The Senate legislation was strong up front — requiring anyone convicted of drunken driving to install an interlock device. But it had a gap in its enforcement provisions. The convicted driver could have refused the interlock and regained driving privileges after a six-month suspension.

The bill the House passed, sponsored by Judiciary Committee Chairman Joseph Vallario Jr., was weak all around. Drivers convicted for the first time with blood-alcohol levels between 0.08 percent — the threshold for conviction of driving under the influence — and 0.15 percent would be spared the mandatory interlock. Judges can always require participation, but too few do.

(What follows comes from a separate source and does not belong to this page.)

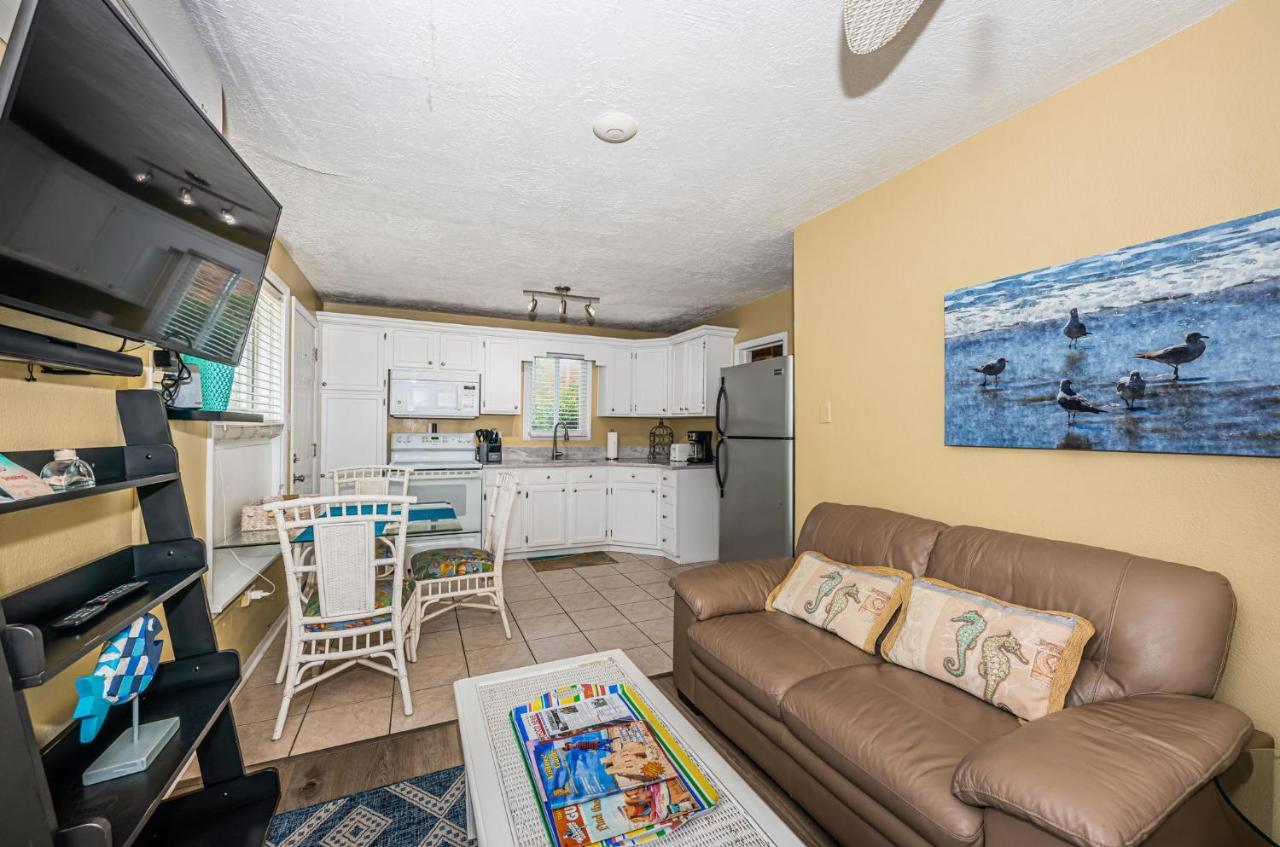 Sunset Beach Bungalow 1 St. Pete Beach Exterior photo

The House and Senate bills did agree on two relatively easy targets: people with a second conviction and those younger than 21, who can't drink legally anyway. Neither is a profile in political courage. Repeat offenders are almost impossible to defend, while legislators generally find it much easier to be strict with young drivers than their more-likely-to-vote parents.

The most glaring weakness of the House bill was that it didn't impose the interlock requirement on people who refuse to take breath tests for alcohol when stopped on suspicion of drunken driving. That created an even heavier incentive to refuse the tests than exists now. After all, how do you ascertain that someone's at 0.15 percent if he or she refuses the test?

At this point, MADD was ready to pull the plug and fight for a closer-to-perfect bill in a future year. But their chief Senate ally, Democrat Jamie Raskin of Montgomery County, wasn't ready to give up. He entered into legislator-to-legislator negotiations with Vallario and House Judiciary Vice Chairman Kathleen Dumais, leaving the advocates on the outside.

The result was an improved bill. Vallario, a Democrat from Prince George's, got his way on 0.15 — which is outrageously drunk and a standard that makes sense only to the liquor lobby. But Raskin said lawmakers agreed to impose the requirement on anyone who refuses a breath test. In addition, Raskin said, those who decline to get with the interlock program face an indefinite license suspension — not just six months.

Those two provisions are critical. Current law gives convicted drivers powerful incentives to refuse a test: They have to accept a suspension, but their chances of being convicted under the DUI law are diminished. Many end up with plea deals for the lesser charge of driving while impaired, for which the legal blood- alcohol level is 0.07 percent (the real legal limit in Maryland).

Now, Raskin said, police will be able to warn drivers that if they refuse the test, the interlock is automatic. Now the suspected drunken driver faces a much tougher choice.

The indefinite license suspension is also important because many convicted drivers now might calculate that they'd rather run the risk of driving with a suspended license than install interlock devices in their cars. Many figure they can keep under the radar for six months. But when the suspension is indefinite, that changes the equation in a big way.

So on balance, the result could be helpful. Raskin said the Motor Vehicle Administration estimates it could add 4,500-5,000 drivers a year to the program.

"We didn't get the bill into the end zone, but we crossed the 50-yard line," Raskin said. That's being modest. I'd call it a field goal.

Some credit should go to Vallario, who despite his devotion to the status quo showed flexibility in the end. Dumais, picked by Speaker Michael E. Busch to smooth the chairman's rough edges, played the loyal team member in getting a weak bill through the House. That set her up to play an effective role in strengthening it in the final talks. Keep an eye on that Montgomery Democrat. She could go far.

In the end, even MADD Maryland found something positive to say.

"It basically came through with some baby steps," said executive director Caroline Cash.

That's not quite right. It's better than that. Now, it's just a matter of getting that blood-alcohol number down. Yes, the liquor lobby got what it wanted with the 0.15. But that line is indefensible in the long term. It might hold three years because legislators are tired of the interlock issue. Inevitably it will come down. The question is whether it goes to 0.08 after the next election or gets lowered in stages.

That's where drunken-driving foes need to make their impact. Because now, despite broad support for a crackdown, lawmakers can vote against MADD and get away with it.

For now, MADD remains staunchly nonpolitical and makes no endorsements. But there are legal ways a nonprofit can reward friends and smite foes without jeopardizing its tax-exempt status.

Cash said the group is considering creation of a scorecard to track how legislators vote. That would be the right first step. It's good to get MADD. It's better to get even.